Who really knows? Who will here proclaim it? Whence was it produced? Whence is this creation? The gods came afterwards, with the creation of the universe. Who then knows whence it has arisen? Whence this creation has arisen - perhaps it formed itself, or perhaps it did not - the one who looks down on it, in the highest heaven, only he knows - or perhaps he does not know? Rig-Veda 10:129.6-7(c.1000 B.C)

Is ignorance the apex of philosophy concerning the nature of 'God'?
 

Runt

Well-Known Member
LOL... with my newly developing understanding of Taoism I think I can answer this question... if gods really are archetypal and representative of Reality (or the Source, or the Tao), then these gods "came afterwards, with the creation of the universe". Reality/Source/Tao was already in place... once we were created we in turn created the "gods" to better understand Reality/Source/Tao.
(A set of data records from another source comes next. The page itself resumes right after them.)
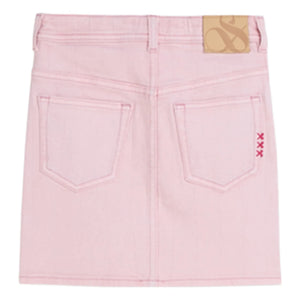 Scotch & Soda - Denim etek | Açık Pembe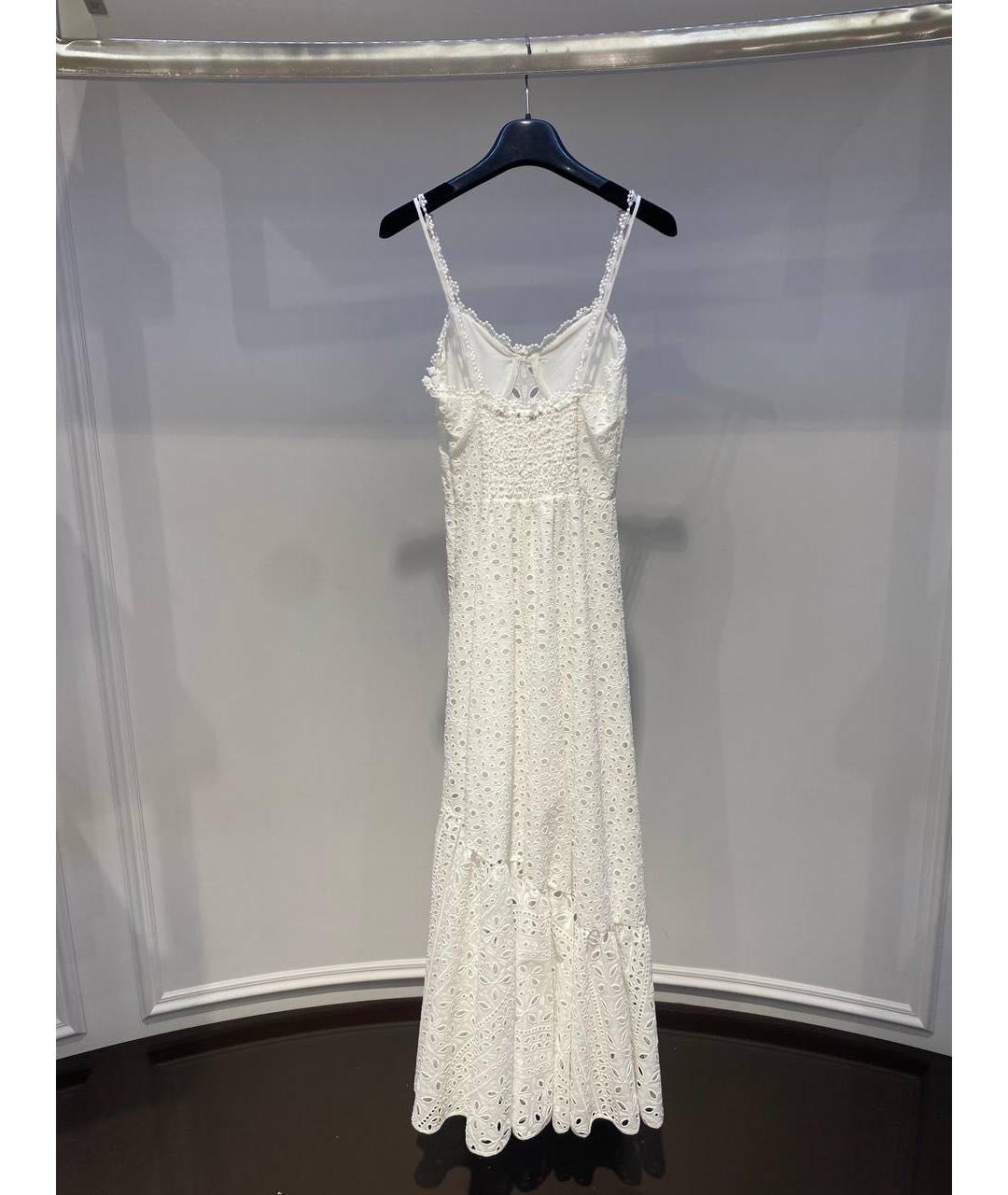 CHARO RUIZ Белое повседневное платье, фото 2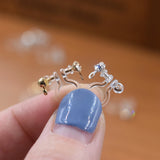 10 Resin Earring Clip Crystal Dangle Invisible Clip On Earrings FindingS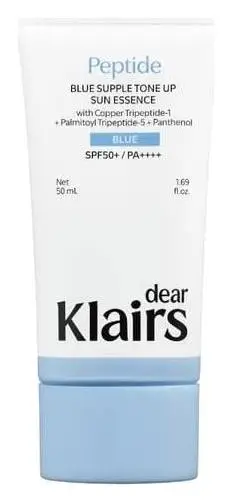 Dear, Klairs Blue Supple Tone Up Sun Essence SPF 50+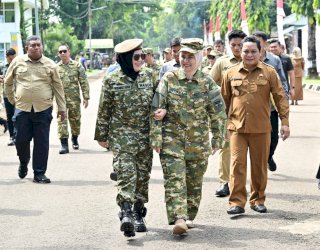 Pemkot Makassar Dukung Penguatan Bela Negara melalui Latsarmil Komcad ASN dan Kepala Desa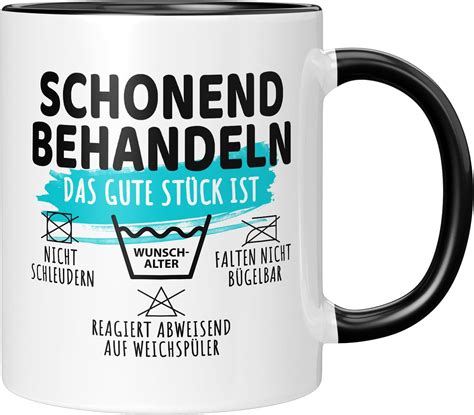 TassenTicker Tasse Mit Spruch Personalisiert Schonend Behandeln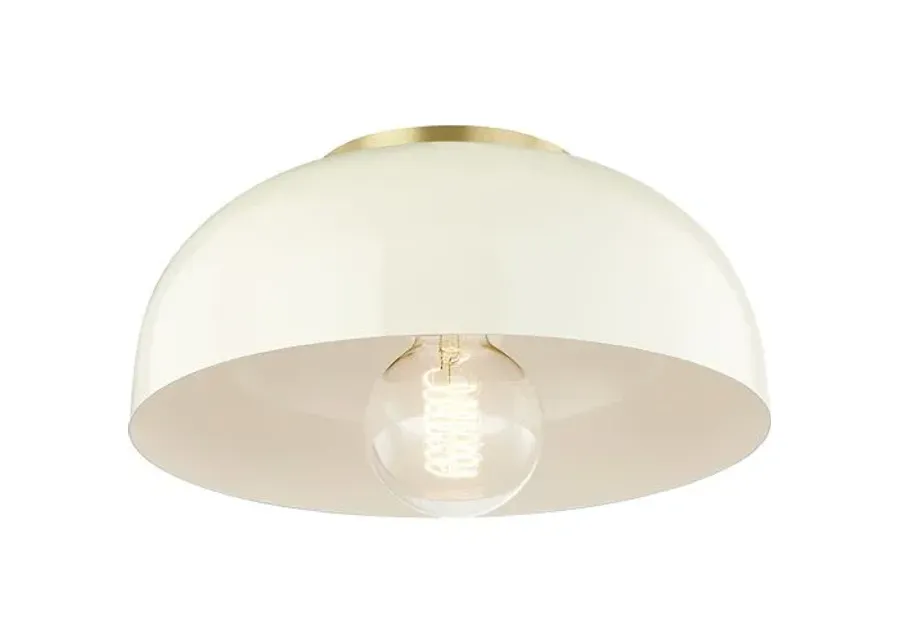 Odette Small Flush Mount - Ivory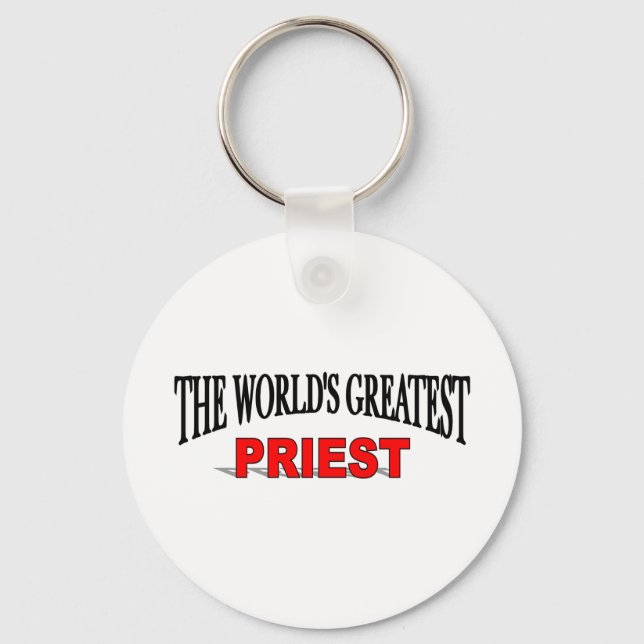 The World's Greatest Priest Key Ring (Front)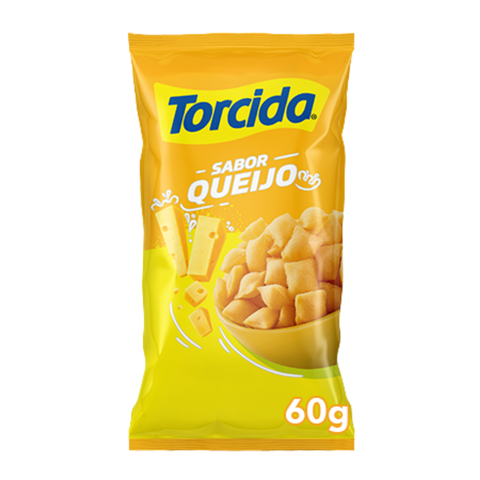 Salgadinho TORCIDA® Queijo 3x60Gr.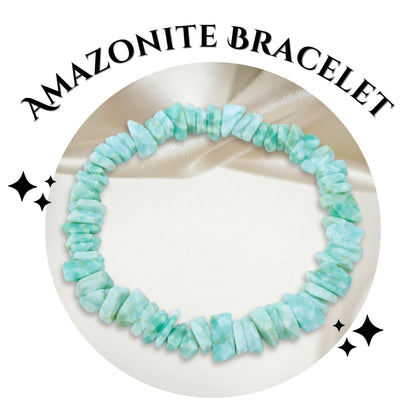 Amazing Gemstone Chips Bracelet (Amazonite)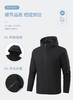 德系户外 2025春秋新款吸湿排汗运动夹克男女同款四维弹力外套 休闲梭织连帽上衣BS25587-Y 商品缩略图5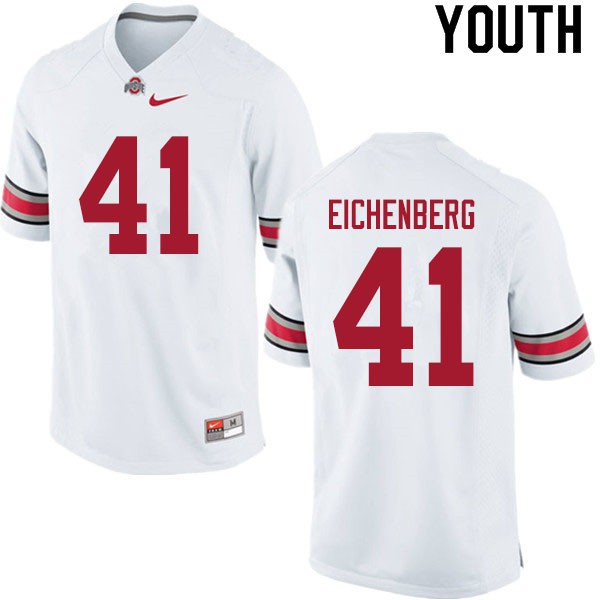 Ohio State Buckeyes #41 Tommy Eichenberg Youth University Jersey White OSU70641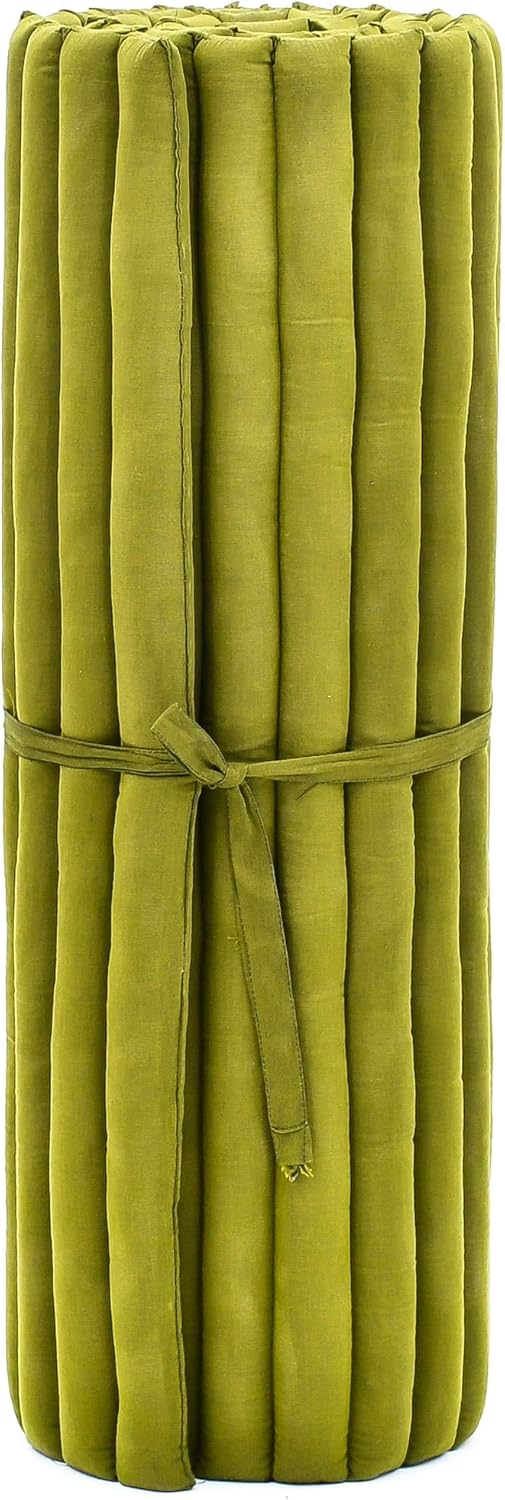 Leewadee Breite Rollbare Thaimatte 190 x 100 cm - Kapok Bodenmatte zum Schlafen, Massieren & Meditie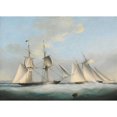 thumbnail image 2 of Nicholas Matthew Condy 18x14 Black Ornate Wood Framed Double Matted Museum Art Print Titled - A Schooner Yacht of the Royal Western Yacht Club off Teignmouth, 2 of 5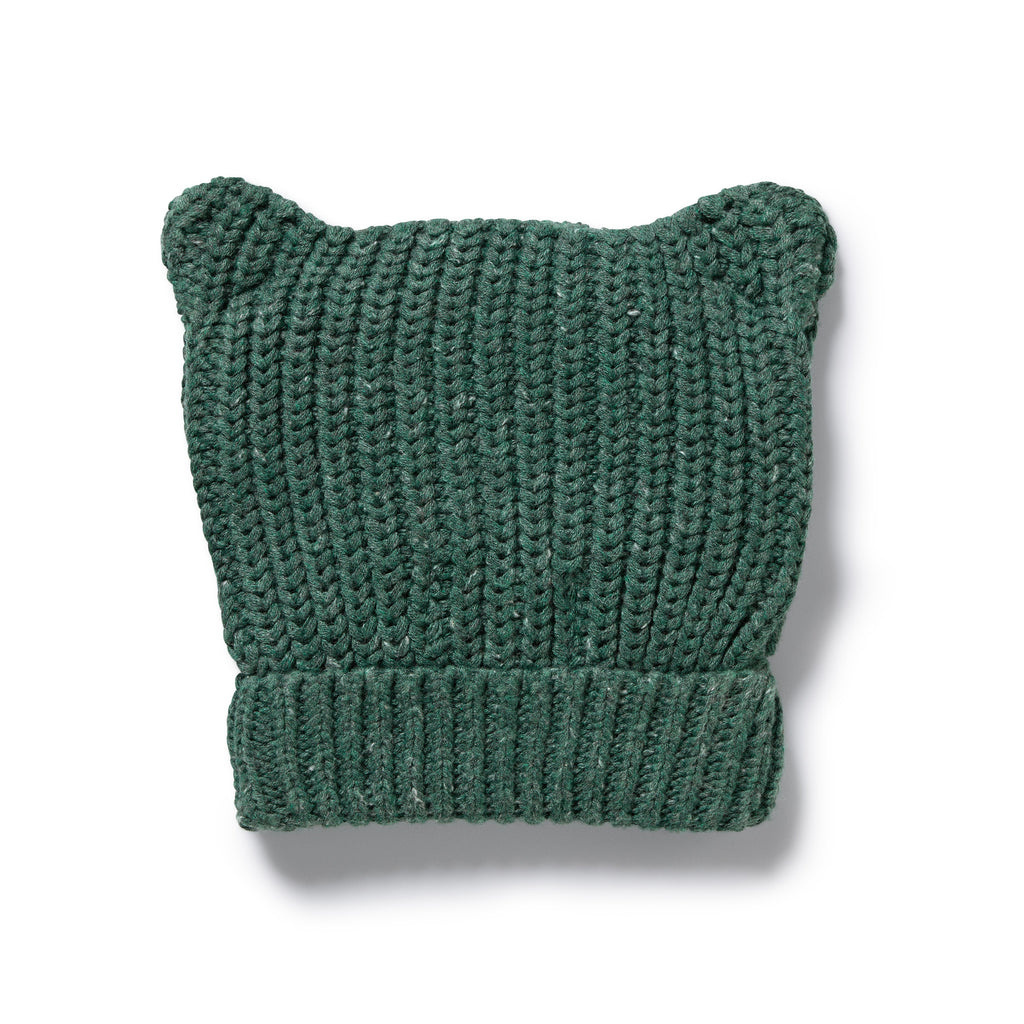 Clover Organic Knitted Bear Hat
Ignorance is the apex of philosophy concerning MY beliefs in the nature of "God"... however, I think ARCHETYPAL gods hold truth and have value (even if they are not God/Reality/Source/Tao...I'll choose one term later, I promise) because they represent the world as we understand it and thus are useful.
 
In greek myth, it can be said that the Titans came into existence simultaneously with the universe as we know it. beforehand they existed as a single entity within Gaia. Just thought i'd mention that.
 
Paradoxically in Greek Orphic myth (related somehow to Kapila's Sankya Philosophy. India) the Titans are destroyed at the moment of creation.
 

Runt

Well-Known Member
Isn't one of the Titans supposed to be responsible for giving fire (a "gift of the gods") to mankind?
 
Yeah. that'll be Prometheus (means 'forethought'). Hesiod mentions him. He doesn't feature in either of the myths mentioned above. He was the brother of Epimetheus ('Afterthought').
 

Master Vigil

Well-Known Member
Look at it but you cannot see it! Its name is Formless.
Listen to it but you cannot hear it! Its name is Soundless.
Grasp it but you cannot get it! Its name is Incorporeal.
These three attributes are unfathomable; therefore they fuse into one.
Its upper side is not bright, its under side is not dim.
Continually the unnameable moves on, Until it returns beyond the realm of things.
We call it the formless Form, the imageless Image.
We call it the indefinable and unimaginable.
Confront it and you do not see its face!
Follow it and you do not see its back!
Yet, equipped with this timeless Tao, you can harness present realities.
To know the origins is initiation into the Tao.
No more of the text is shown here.